Nur einen Herzschlag später wurden in der Video­auf­­­nahme knirschende Schritte vernehmlich. Am rechten Bild­­rand erschien eine menschliche Gestalt auf der Hügel­kuppe, die sich, in einen dicken Anorak gehüllt, den Pfad hinab auf den von Felsen verborgenen Bären zubewegte. Eine Kapuze verdeckte ihr Gesicht. Sie trug eine schuhkartongroße Kiste vor der Brust und stapfte arglos weiter, nicht ahnend, dass sie nur wenige Meter von einem riesenhaften Raubtier trennten. Die Gestalt schien tief in Gedanken versunken, doch plötzlich hielt sie inne und drehte den Kopf nach rechts. Da explodierte die Polarnacht. Der Bär brüllte, jagte aus seinem Versteck und riss das Maul auf. Reißzähne blitzten. Doch der Mensch tippte sich nur mit den Fingern an die Schläfe und machte einen Schritt zurück. Grollend richtete sich der Bär zu seiner vollen Größe auf, sodass Jorin vor Schreck die Luft anhielt.

„Jetzt“, hauchte Njeri neben ihm und presste ihre Hände vor den Mund.

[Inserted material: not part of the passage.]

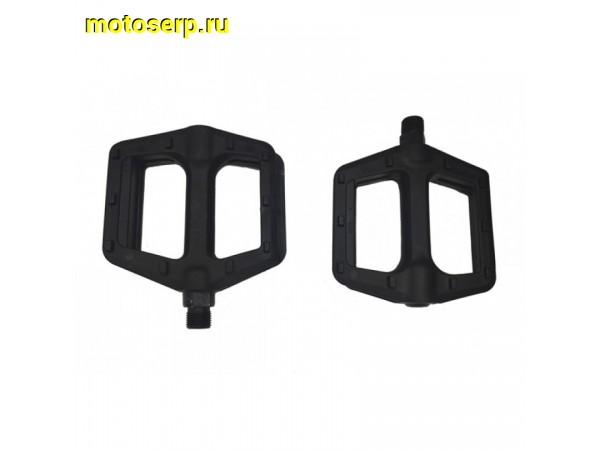 Купить  Педали М14 пластиковые тип BMX модель 803, высокое качество Вело (пар) (Золотник 3032603-59 купить с доставкой по Москве и России, цена, технические характеристики, комплектация фото  - motoserp.ru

Noch bevor das Tier seine Pranken auf den Menschen niedersausen lassen konnte, jagte ein flirrender Schemen ins Bild und schien sich mit knochenbrechender Wucht auf den Bären zu werfen. Dessen Körper bog sich wie von einem Kinnhaken getroffen. Sein Schädel flog zurück, Schnittwunden zeigten sich im Fell. Ein metallisches Knacken ertönte, als sei eine Messerklinge gebrochen. Der Bär taumelte unter unsichtbaren Hieben. Plötzlich er­­hob sich das riesige Tier wie von Geisterhand in die Luft, schwebte kurz über dem Boden und dann schleuderte ihn etwas wie ein Spielzeug in hohem Bogen Richtung Kamera davon. Das Bild wackelte, als das Tier aufschlug. Röchelndes Schnaufen war zu hören.

„Himmel“, flüsterte Jorin, „was war das?“

Die gesamte Attacke hatte sich binnen weniger Sekunden abgespielt. Neben dem Menschen kauerte nun etwas, ein Wesen, dessen Umrisse wie die Luftspiegelung einer Fata Morgana flirrten. Nahezu unsichtbar! Der schlanke Körper verschmolz mit der Umgebung. Nur wenn es sich ruckartig bewegte, bildeten die Konturen Schlieren. Jorin konnte nicht einmal sagen, ob es zwei oder mehr Arme besaß. Bloß der Schädel wirkte unnatürlich langgezogen und ganz kurz glaubte er, eine Batterie aus Augen zu erkennen, wie bei einer Jagdspinne über- und nebeneinander angeordnet.

„Krass ...“ Jorin schauderte.

Der Mensch tippte sich noch einmal mit den Fingern gegen die Schläfe, woraufhin das geisterhafte Wesen zwischen den Felsen verschwand und dabei eine feine Tröpfchenspur im Schnee zurückließ. Bärenblut? Mit einer Wendung des Kopfes streifte der Mensch seine Kapuze zurück, klemmte sich die metallene Kiste unter den Arm und setzte seinen Weg zu den Gebäuden fort, als sei nichts gewesen. Noch immer hatte er kein einziges Wort gesagt. Ein letztes Mal drehte er sich in Richtung des Bären und kehrte dabei sein Gesicht zur Kamera.

Hier stoppte Annabel das Video und fror die Gestalt ein. Fenjas Stöhnen war im Raum zu hören, Jorins Herz machte einen Satz. Beide hatten den Jungen sofort erkannt, die leicht abstehenden Ohren und die Wuschelmähne.

„Adam!“ Jorin stützte sich an der Wand ab. In der Tat, es war Borax Doschs mächtigste Waffe, Adam, der seelenlos kalte Anführer der iKIDS. Fenjas ... Bruder.